* **Aim of the task**:
Set the pictures aside and write down, exactly as they appear, the lines from the one containing "怎么改信用卡账单日期（东亚银行信用卡的账单日可以修改吗）" through the end of the material.

───── Supplied data

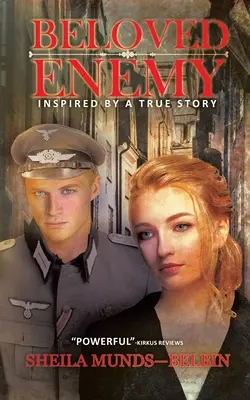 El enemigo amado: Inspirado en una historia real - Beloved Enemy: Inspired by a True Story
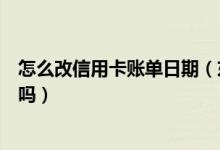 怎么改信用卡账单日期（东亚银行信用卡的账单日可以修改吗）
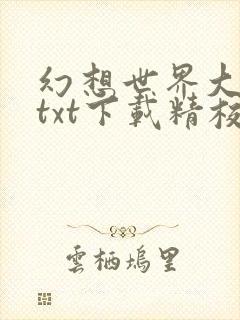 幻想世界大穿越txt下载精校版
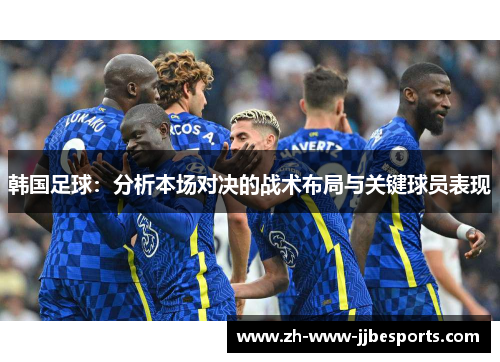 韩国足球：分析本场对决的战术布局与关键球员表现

──────────

* **Response area**:
 怎么改信用卡账单日期（东亚银行信用卡的账单日可以修改吗）
 幻想世界大穿越txt下载精校版
 韩国足球：分析本场对决的战术布局与关键球员表现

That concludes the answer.